Later in their careers, they worked independently under their own label and also designed & consulted for major fashion companies Jaeger and Marks & Spencer

==Brand expansion and designers==
By 1970, Stirling Cooper was producing handbags, belts and accessories that were stocked by the new Bata shoe shop on Oxford Street. Jane Whiteside's original design direction for womenswear was continued by a team of young designers, including Sheilagh Brown – also from the Royal College of Art and later to work with Sheridan Barnett – Phyllis Collins and Judy (Judith) Ullman; Ullman would later design for Moons. Price remained with Stirling Cooper until late 1971, moving on to the boutique Che Guevara.

===Change of ownership===
In 1972, original partners Ronnie Stirling and Jeff Cooper split – reportedly due to the pressures of the business. Jeff Cooper joined Radley/Quorum after working with Sheilagh Brown and Sheridan Barnett on the Coopers brand, while Ronnie Stirling remained at the helm of Stirling Cooper.

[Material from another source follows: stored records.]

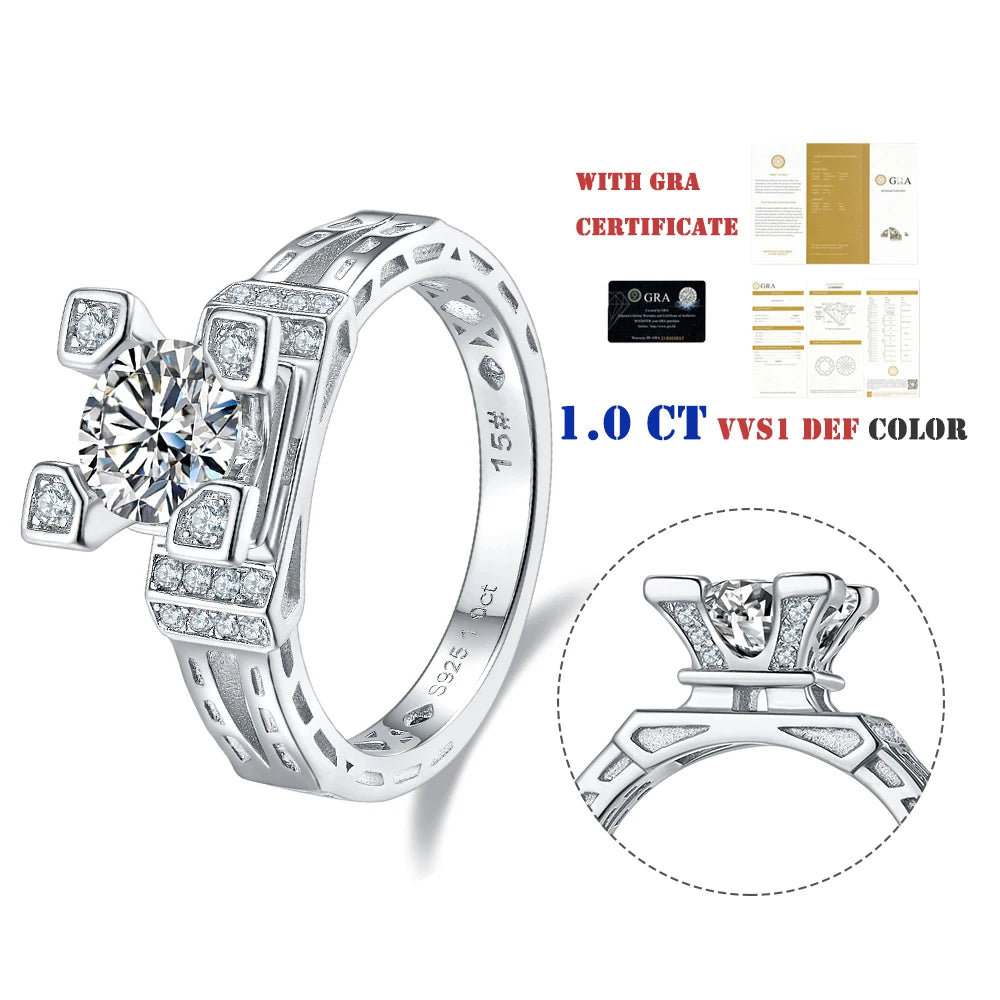 Abiding Fine Jewelry 925 Sterling Silver VVS1 DEF Color Moissanite Diamond Unique Designs Engagement Custom Ring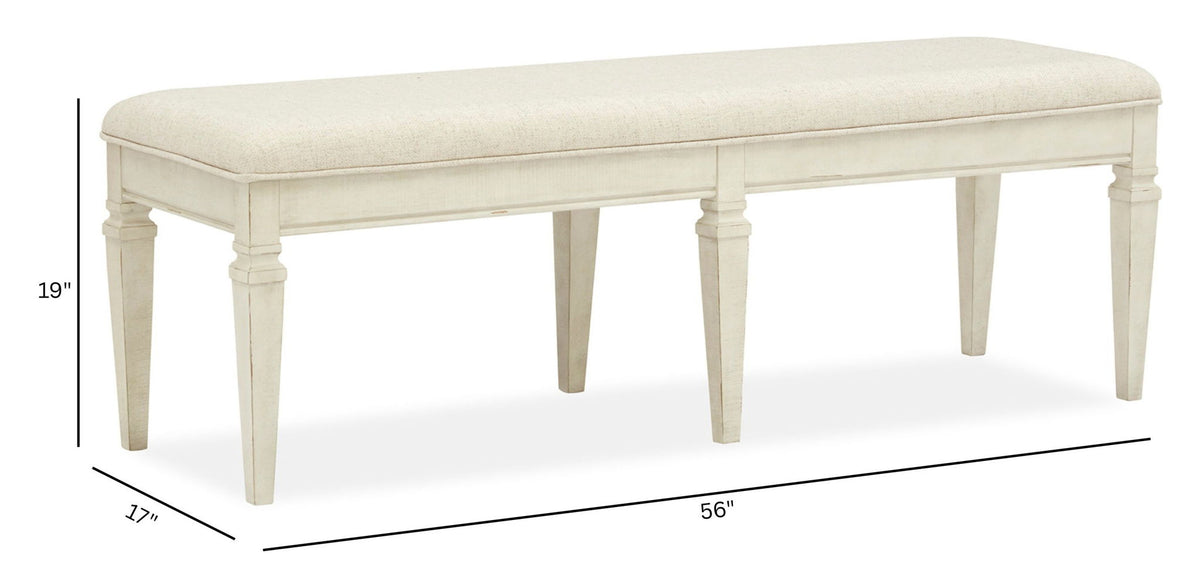 Newport - Bench With Upholstered Seat - Alabaster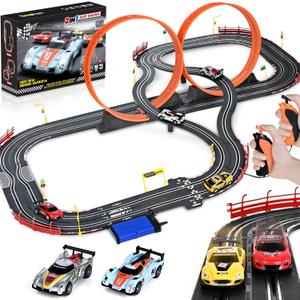 Boy Toys Gifts for 6 7 812 Years Old, Slot Car Race Track Sets with 4 Slot Cars, Battery or Electric Car Track for Boys, Dual Racing Game Lap Counter Circular Overpass Track Gifts for Kids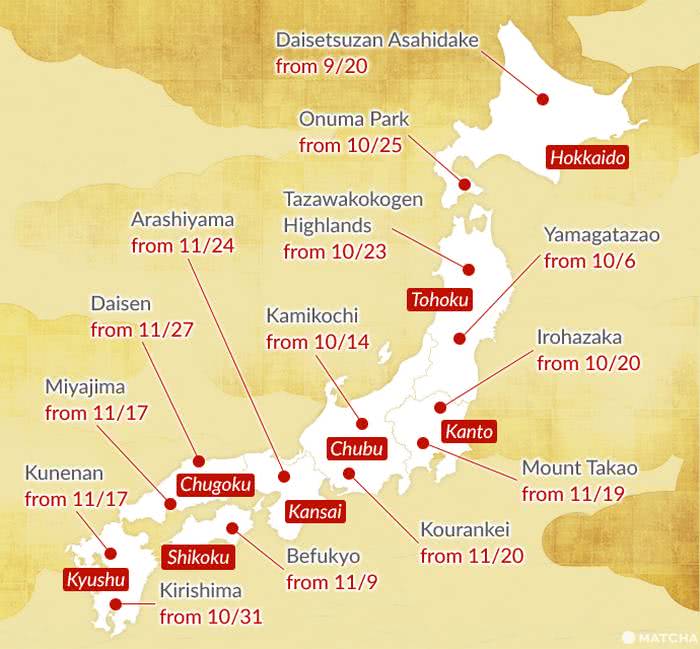 Previsão folhas de outono no Japão 2020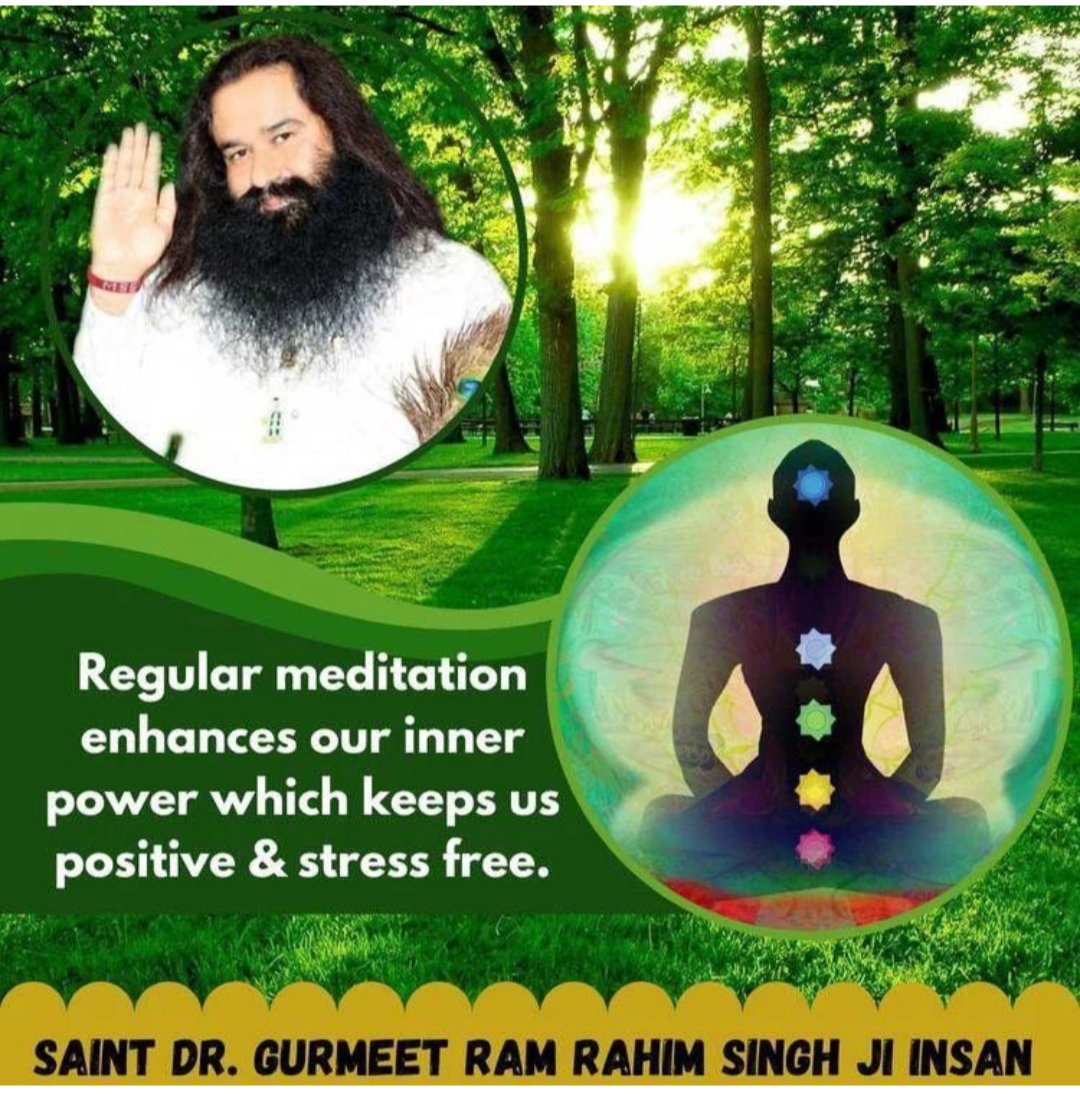 Saint Dr Gurmeet Ram Rahim Singh Ji Insan द्वारा बताए गए ध्यान के निरंतर अभ्यास से लाखों लोग तनाव प्रबंधन की अपनी क्षमता बढ़ाने में सक्षम हैं और चिंता मुक्त जीवन का लाभ उठा रहे हैं।
#StressManagementTips 
#StressFreeLife #Stressfree 
#GiveUpWorries #Tensionfree
@Gurmeetramrahim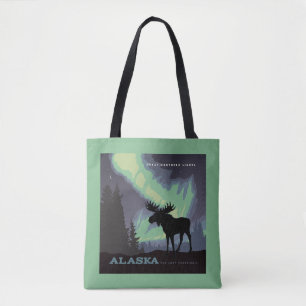 Alaska   Northern Lights Moose Tote Bag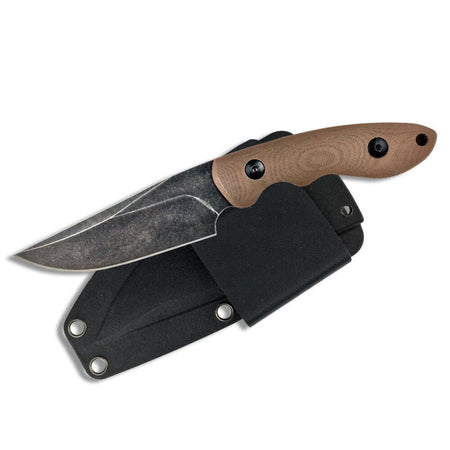 ABKT Elite Shadow Predator 3.5" Drop Point Fixed Blade Brown G10 Handle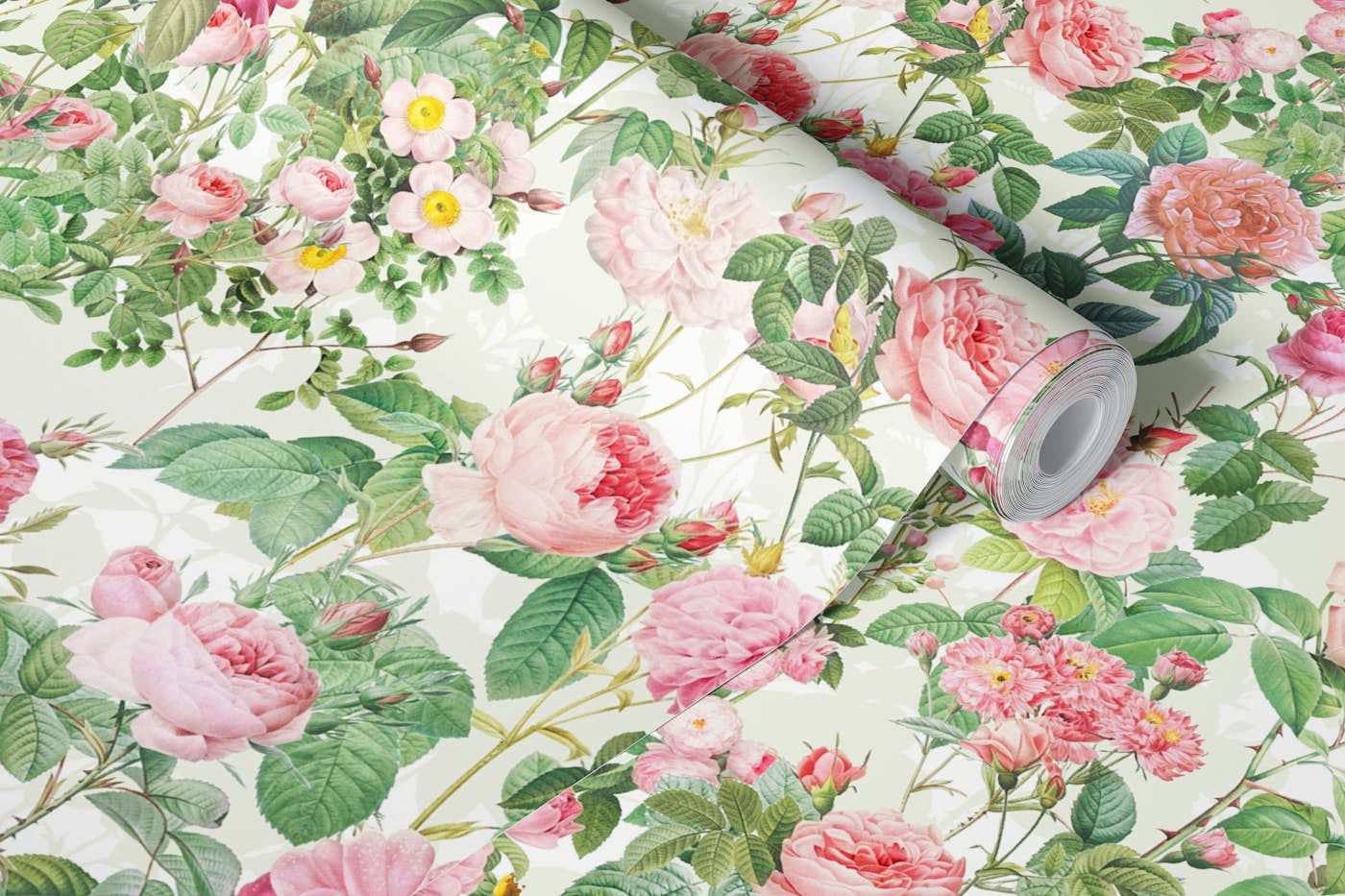 Pink Vintage Floral Pattern wallpaper roll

In 1975, the brand was singled out – along with Jeff Banks, Stephen Marks and Christopher McDonnell – as a fashion house likely to weather the arrival of cheaper mass-market and 'no label' brands. Chris Poulton was righthand man to Ronnie Stirling and a team of designers worked for the brand. A key survival strategy was to continually drip-feed new styles into stores throughout the season, combining staple fashion items with more outrageous lines to attract attention. Poulton noted: "Our aim is always to stick to an identifiable look so that people who like us will always look for our label". By this stage, the business encompassed a shop in New Bond Street, a concession in Peter Robinson and a wholesale showroom servicing 30 in-store concessions nationally, as well as licensing and distribution deals internationally. South African-born Michael Conitzer, who had joined Stirling Cooper in 1972 after training at Marks & Spencer, went on to become managing director. In 1980, he began to market a range of condoms in the stores which later became the Jiffi brand. Conitzer moved on from Stirling Cooper in 1992 and founded the Kings Road Sporting Club in Chelsea which became lululemon in 2015.

==New directions and brand demise==
Paul Dass bought the Stirling Cooper business in 1992 and decided to move it back to its original focus on working with up-and-coming designers. Initially he recruited Bella Freud, who spent a year with the brand producing signature pieces such as suits and skinny knits. In 1994, he recruited Nicholas Knightly, tipped as a rising star of the fashion industry, to produce a designer collection. Dass also undertook a refurbishment programme, using David Quigley Architects to create urban-themed interiors for its six stores, including the Oxford Street flagship. The company ceased trading in the 1990s.